# need advice - aggressive 8 week old golden



## jackie_hubert (Jun 2, 2010)

Believe it or not but a lot of puppy owners post on here with the exact same problem when they get a new golden.

It's hard to tell but it sounds like this is just typical rough play behaviour. When Cosmo was that age he was constantly launching himself at our 2 year old guide dog who was very gentle too. She would cower and he would bite at her and play growl. The problem wasn't with Cosmo, but rather with our guide dog who wasn't telling him "enough". We separated them which is what a lot of people here on the forum do when they have a new puppy, they keep them separate except during play time. Cosmo would have fallen into what some would refer to as "dominant" but today at 7 month old he is totally gentle with all dogs and not "dominant". 

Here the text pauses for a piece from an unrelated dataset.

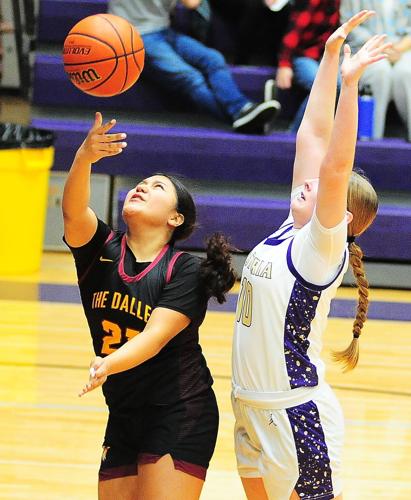 Freshman Riverhawk, Anuhea Peters (#21), gets past Astoria's Sofia Nygaard(#10) and sinks the lay-up on Saturday afternoon at Astoria High School.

Puppies at 8 weeks really don't display a lot of "dominant" behaviour. Rather they are trying to satisfy their urge to rough house and get their own way, whichever way they know how. Because our big girl wouldn't tell him "enough" he learned to take advantage of her.

Puppy has to learn to play gentle but right now he's so little he doesn't know when enough is enough. When things got too rough or when Cosmo began to bother our guide dog too much we used the command "that's enough". It took a couple of weeks but Cosmo learned that he needed to stop playing when we gave him the command. 

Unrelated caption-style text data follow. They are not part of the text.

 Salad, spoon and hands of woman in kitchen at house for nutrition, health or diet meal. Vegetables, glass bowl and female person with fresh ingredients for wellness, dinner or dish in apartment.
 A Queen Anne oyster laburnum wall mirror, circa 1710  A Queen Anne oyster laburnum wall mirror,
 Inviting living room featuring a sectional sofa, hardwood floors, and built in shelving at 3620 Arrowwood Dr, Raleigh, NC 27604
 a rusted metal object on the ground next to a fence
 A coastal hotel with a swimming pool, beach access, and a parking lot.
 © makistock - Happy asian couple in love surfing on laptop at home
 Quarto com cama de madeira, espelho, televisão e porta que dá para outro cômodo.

We also put Cosmo in doggy daycare which was run by our trainer and had a variety or types and sizes of dogs. A couple of times at daycare and he was much better at interacting with dogs.

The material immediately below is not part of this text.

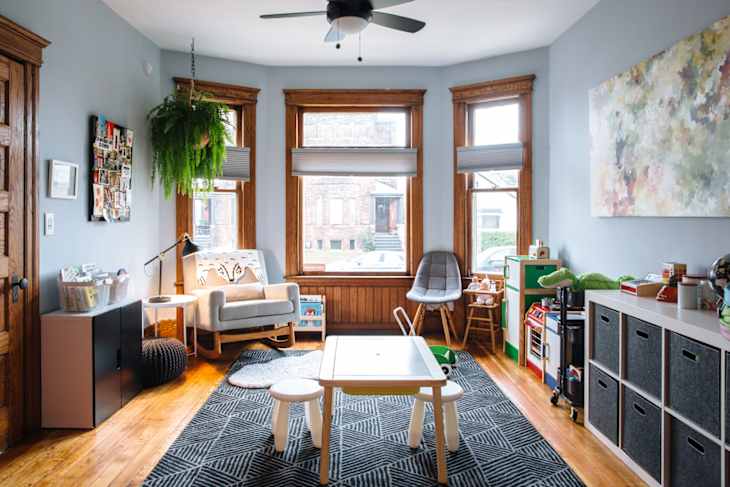 Children's playroom with a small table, chairs, toys, storage bins, and a cozy reading nook by large windows.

If you really believe there is an aggression issue contact your breeder or a behavourist in your area.

BTW, would love to see pictures of your new addition!


----------



## tp1999 (Nov 9, 2010)

Hi Jackie, Thanks so much for your response, it's comforting to hear that this isn't abnormal behavior. I'm amazed not only about how long the two of them can go at it, but how fearless this little guy is. I'm always watching to make sure neither of them are doing any real harm.

Here are pics of the handsome little guys when they finally calm down:



















and a close up of Teddy taken today:


----------



## lucysmum (Sep 2, 2010)

Awww... they are just adorable. hugs and kisses to them both.


----------



## RedDogs (Jan 30, 2010)

What parts make you think it is not play?

Many puppies (and adults!) growl a LOT in play.


----------



## sameli102 (Aug 23, 2009)

I tend to disagree with the fact that an 8wk old puppy doesn't display a lot of dominant behavior. Of course not knowing if what you are seeing is typical puppy play or actual dominance is another issue. I would definitely seek out a trainer and let them determine that. 
But believe me, life with a dog aggressive dog, which is anything but cute when they grow up, it is downright dangerous. I have one and if I ever got another that showed the signs it would be back to the breeder in a heartbeat. I love him dearly but I'd never go through it again.
Hopefully it is just puppy play you are seeing.


----------



## BeauShel (May 20, 2007)

It does sound like normal puppy play to me but without seeing it I cant really say. Puppies can play pretty rough with playmates and the adult when they have had enough will walk away or let the puppy know. They use their mouth and teeth growling and barking in play. Sometimes they can get over stimulated and you do need to step in like with kids. If you look at some videos on youtube, there are some good examples of dogs playing that show some fercious play. 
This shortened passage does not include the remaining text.